Dáil debates

Wednesday, 17 May 2017

Planning and Development (Amendment) Bill 2016: Report Stage

 

8:40 pm

Photo of Eoin Ó BroinEoin Ó Broin (Dublin Mid West, Sinn Fein) | Oireachtas source

I fully support this group of amendments. In some sense, these amendments go to the very heart of this legislation and the debates and disagreements Members have had on Second Stage and Report Stage. One thing that has frustrated me since the introduction of this legislation is notwithstanding the very considerable work by the officials and the Minister and notwithstanding the disagreement I and those of us on the committee have had, almost nobody else knows about it. Here we have legislation that is attempting to put in place an institution of huge importance. It is not just the view of the people here; it is the view of the Mahon tribunal and of those of us who followed it. For a whole set of reasons such as the technical nature of the Bill and the political events taking place outside on any given day, there is no real public awareness or scrutiny of what this Bill is about to do. I said on Second Stage that we wanted to support this Bill. We will not oppose it, weak and all as it is. I would much prefer to be here supporting the kind of Bill Deputies Wallace and Clare Daly are trying to introduce.

When we had this argument on Committee Stage, the Minister, Deputy Coveney, made a very revealing remark. Since he is not present, it would be good to hear some of his words here. I will quote him so at least he can be on the record, albeit quoted by me. After we had this discussion on precisely the issue Deputies Clare Daly and Mick Wallace have outlined, he stated:

What appears to be under discussion here is who will be the appropriate body or person to make the intervention to correct a wrong. Should it be the Minister or the independent regulator?

It is absolutely the fundamental issue in the discussion we are having. The answer to the question should not rest with me or other Deputies in the Chamber; it should rest with the Mahon tribunal's recommendations. It is why the tribunal was set up. It is why it pored over all of the information it did. Its recommendations are clear in terms of where it falls on the Minister's choice between the Minister and the independent regulator.

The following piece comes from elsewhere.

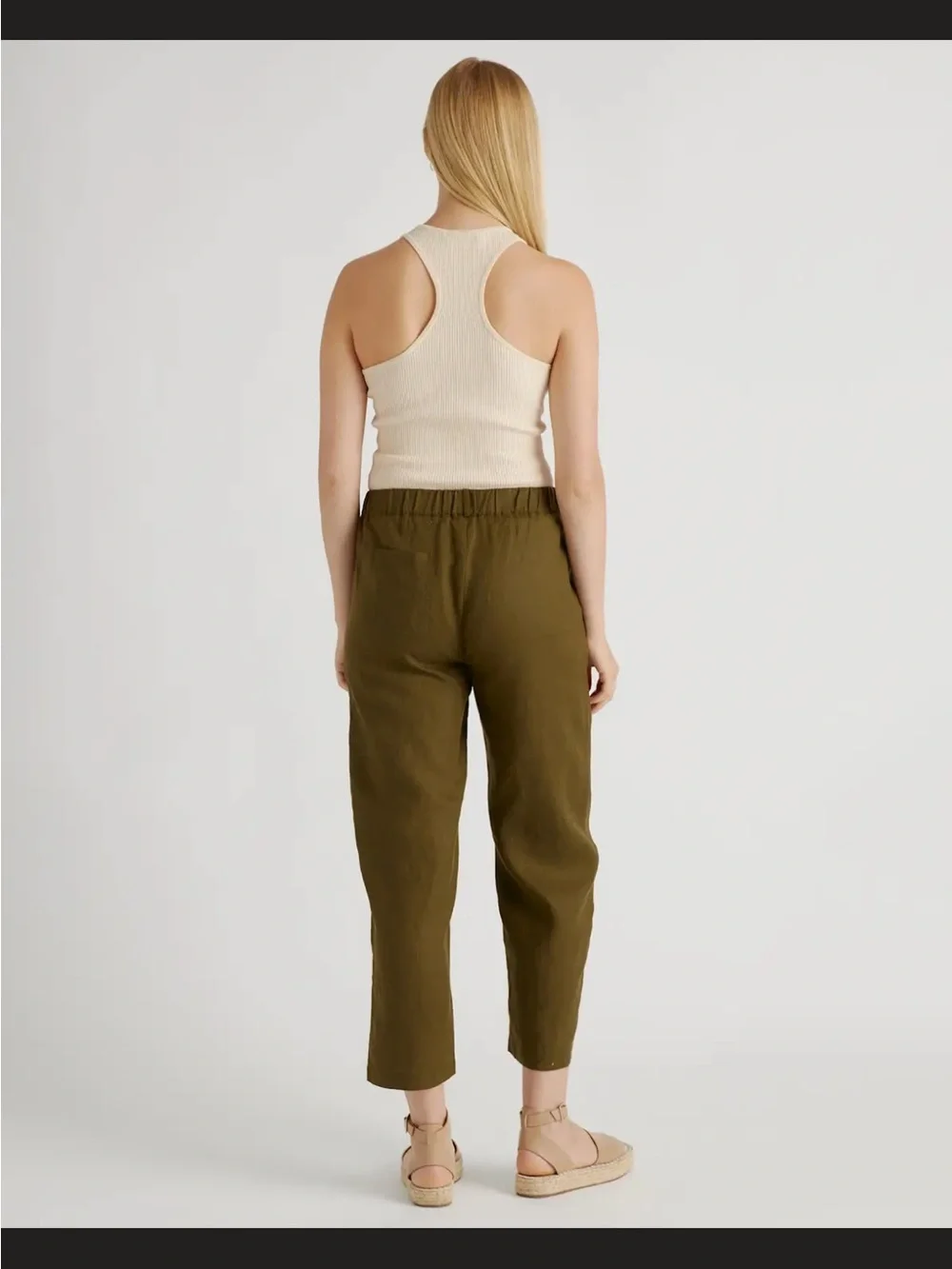 Quince Women's Olive Linen Wide-Leg Pants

As for its key phrases, Deputies Wallace and Daly quoted the full section of the report and I will give the example of the planning corruption in Quarryvale in my constituency. To this day, communities are still living with the negative consequences of bad and corrupt decisions at central and local government. The tribunal's recommendations stated there was an over-centralisation of power with the Minister, there were not adequate checks and balances and the ability to give directions to regional authorities and local planning authorities should be entrusted to the regulator. The answer to the question posed by the Minister, Deputy Coveney, is very simple. The Mahon tribunal wanted it not with the Minister or Department, but with an independent planning regulator with teeth. What frustrates me most about these debates is that legislation is about to be enacted - assuming Fianna Fáil votes with the Government on these amendments and mine that are attempting to achieve the same effect - and we will have a regulator that is not independent, has no powers and continues to allow the decisions to be made by the Minister rather than by the independent regulator. What does this amount to? It is an absolute betrayal of both the spirit and intention of the Mahon tribunal recommendations. There is simply no way one can say it is anything other than the very opposite of what the Mahon tribunal recommended.

I did not come here to make a Second Stage speech but it is such a fundamental part of what this debate is about that it has to be named as clearly as possible. I urge the Government to reconsider its decision to continue the over-centralisation of power with the Minister and to reconsider its decision not to introduce the checks and balances the Mahon tribunal made. If the Government will not accept the amendment proposed by Deputies Daly and Wallace or my amendments in the grouping after next, will it come back when the Bill is before the Seanad with something that is true to the Mahon tribunal? Otherwise the passing of this legislation will be an absolute waste of everybody's time in terms of this core recommendation. It is not what the officials have slaved over the legislation for. It is not what we have spent hours on either in committee or in here on Second Stage and Report Stage. On this one issue, the Government needs to rethink its unwillingness to implement the Mahon tribunal faithfully. On that basis, I fully support the recommendations.